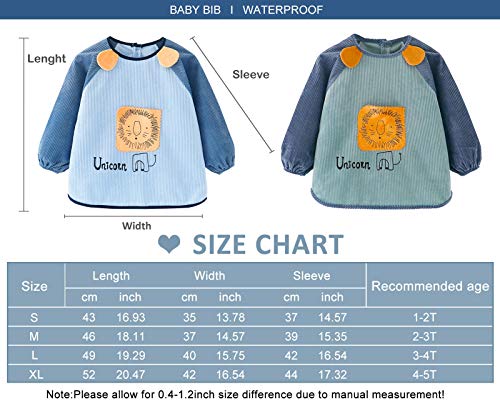 Happy Cherry Baberos de bebé con mangas impermeable delantal botones cierre para bebés niños pequeños con bolsillo, Blue+Green Lion, 1-2 Años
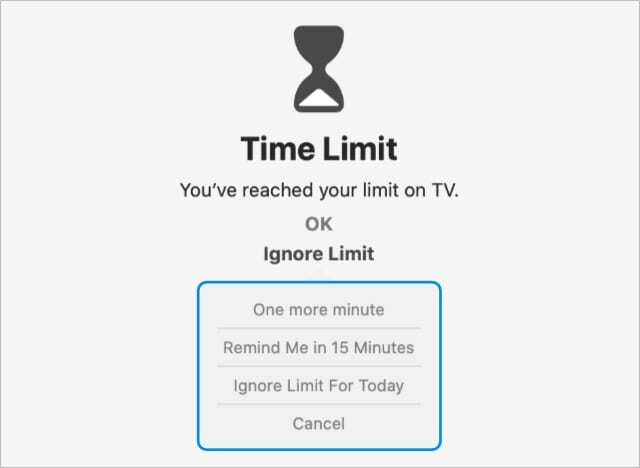 MacOS2 में स्क्रीन टाइम इग्नोर लिमिट विकल्प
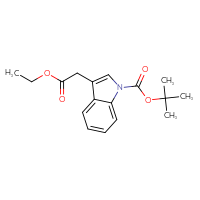 Chemical structure of tert-butyl 3-(2-ethoxy-2-oxoethyl)-1H-indole-1-carboxylate - CSSB00010369405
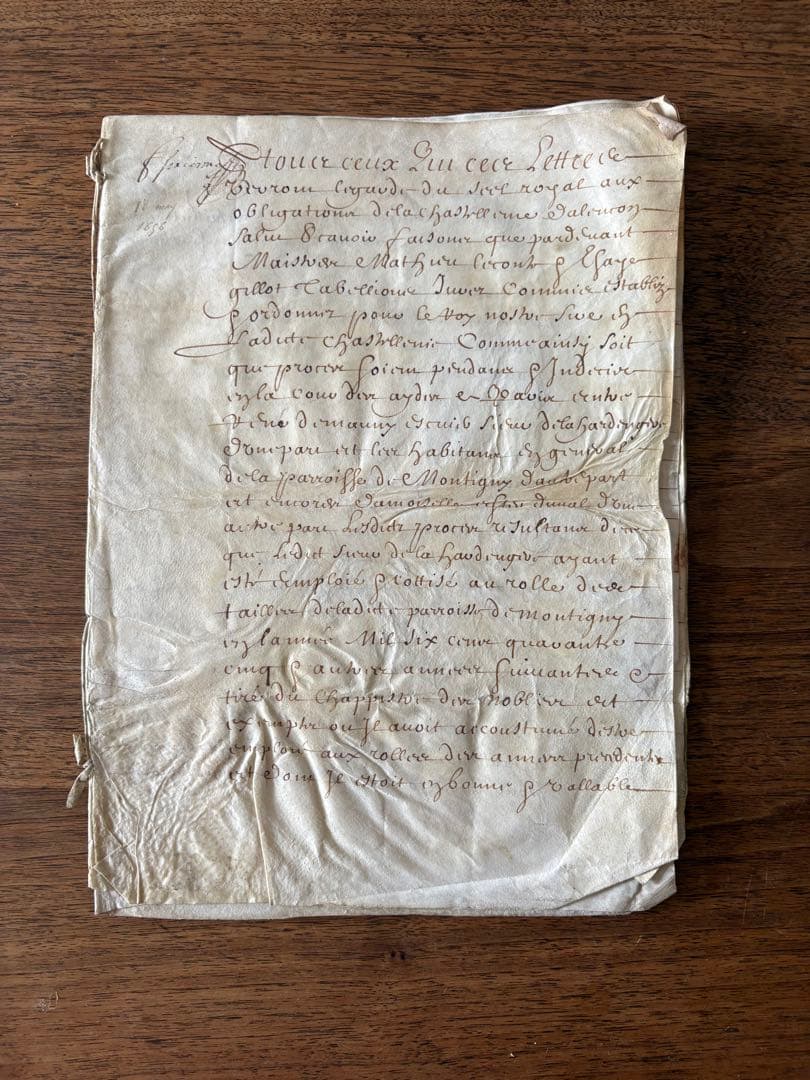 【アンティーク】羊皮紙 全12ページ綴1656年フランス 古文書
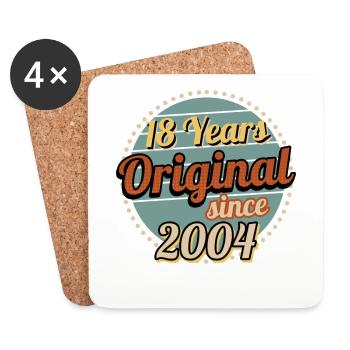 18 Jahre Original seit 2004 Vintage - Untersetzer (4er-Set) - Weiß - Vorne
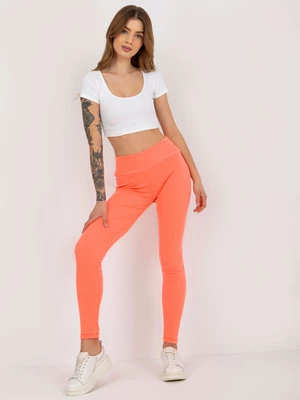 Basic fluo orange ribbed leggings with high waist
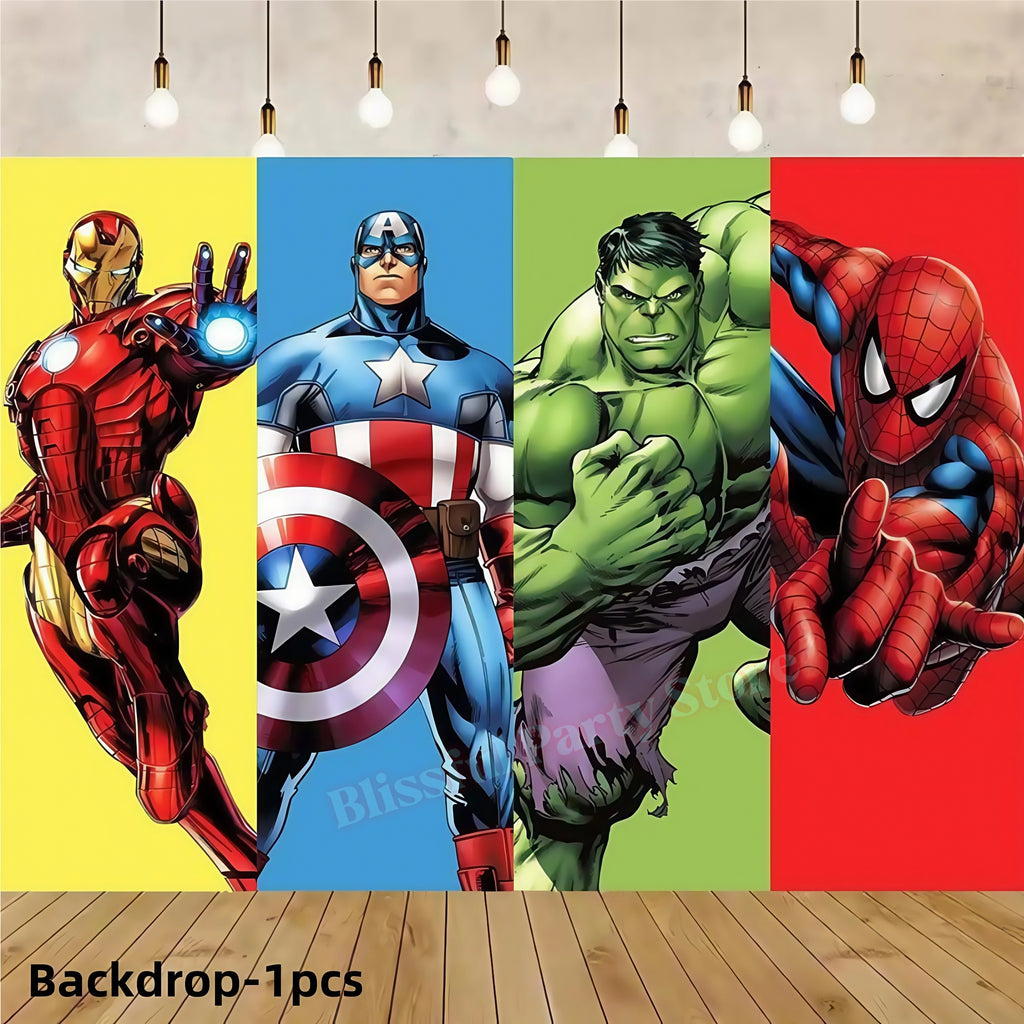 Avengers Birthday Party Decoration Superhero Balloon Tableware Kit Cup Plate Tablecloth Boy Favor Gift Baby Shower Event Supplie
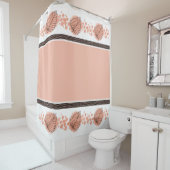 Moderne Pfirsich, weiße und schwarze Polka Punkte  Duschvorhang (Beispiel)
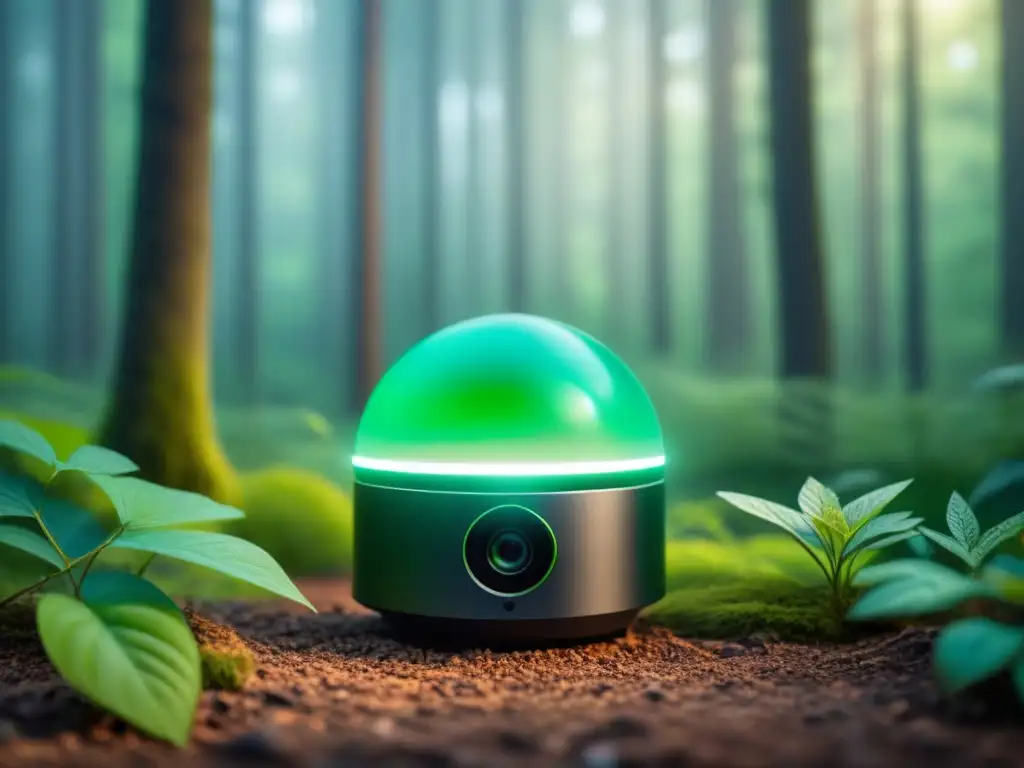 Un sensor fotónico moderno y sofisticado integrado en un exuberante bosque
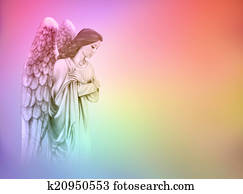 Angel on rainbow background Angel on rainbow background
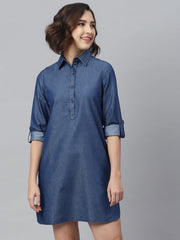 Women's Ice Blue Denim Shirt dress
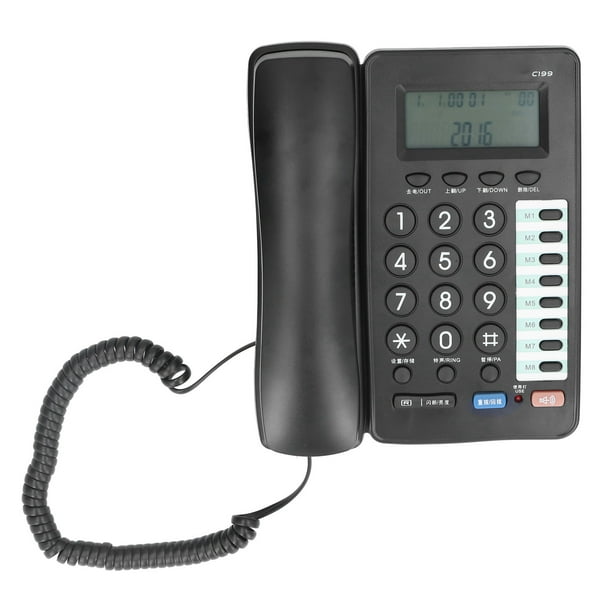 Teléfono con cable, teléfono residencial C199, teléfono fijo con cable,  teléfono estándar con cable diseñado para durar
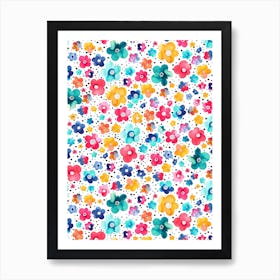 Dots Naive Flowers Multi Art Print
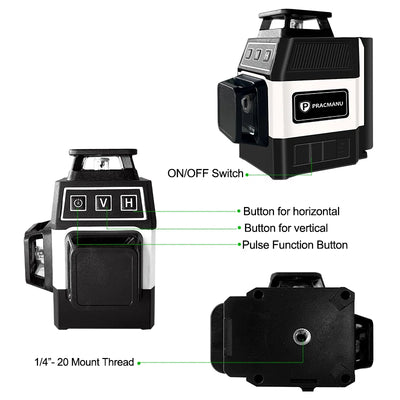 Pracmanu Mini Laser Level 12 Lines Self-Leveling Precision - Smarsty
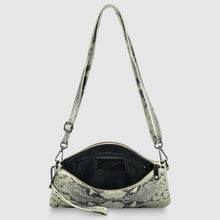 Cargar imagen en el visor de la galería, Italian Genuine Python-Print Suede Crossbody Bag | Lecce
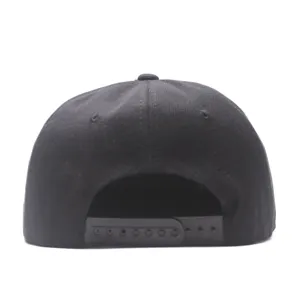 Back detail view of a solid black snapback baseball hip hop hat with adjustable plastic strap.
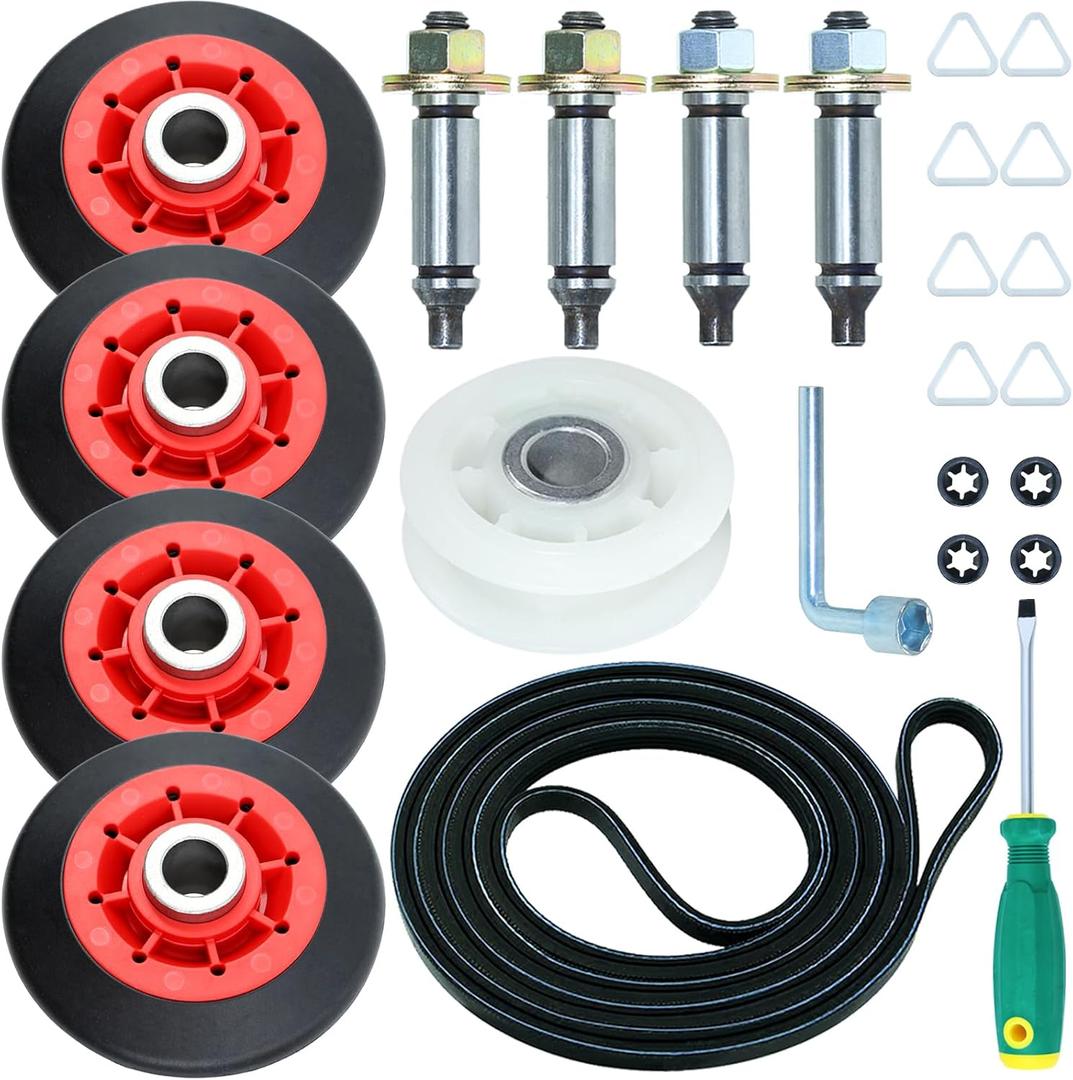 [Upgraded] 4392067 Dryer Repair Kit with WPW10314173 Drum Roller 279640 Dryer Idler Pulley 661570v Dryer Belt WPW10359272 WPW10359271 Dryer Drum Roller Axle Tools for Whirlpool Maytag Dryers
________________
**Task goal**
Go from the first line of the listing to the line holding "Women's Ice Blue Denim Shirt dress" and, please, transcribe those lines exactly, both included, with no pictures.

**Final answer**
 Happy Cherry Baberos de bebé con mangas impermeable delantal botones cierre para bebés niños pequeños con bolsillo, Blue+Green Lion, 1-2 Años
 MacOS2 में स्क्रीन टाइम इग्नोर लिमिट विकल्प
 Chemical structure of tert-butyl 3-(2-ethoxy-2-oxoethyl)-1H-indole-1-carboxylate - CSSB00010369405
 【アンティーク】羊皮紙 全12ページ綴1656年フランス 古文書
 18 Jahre Original seit 2004 Vintage - Untersetzer (4er-Set) - Weiß - Vorne
 Basic fluo orange ribbed leggings with high waist
 Avengers Birthday Party Decoration Superhero Balloon Tableware Kit Cup Plate Tablecloth Boy Favor Gift Baby Shower Event Supplie
 Moderne Pfirsich, weiße und schwarze Polka Punkte  Duschvorhang (Beispiel)
 Un sensor fotónico moderno y sofisticado integrado en un exuberante bosque
 Angel on rainbow background Angel on rainbow background
 Women's Ice Blue Denim Shirt dress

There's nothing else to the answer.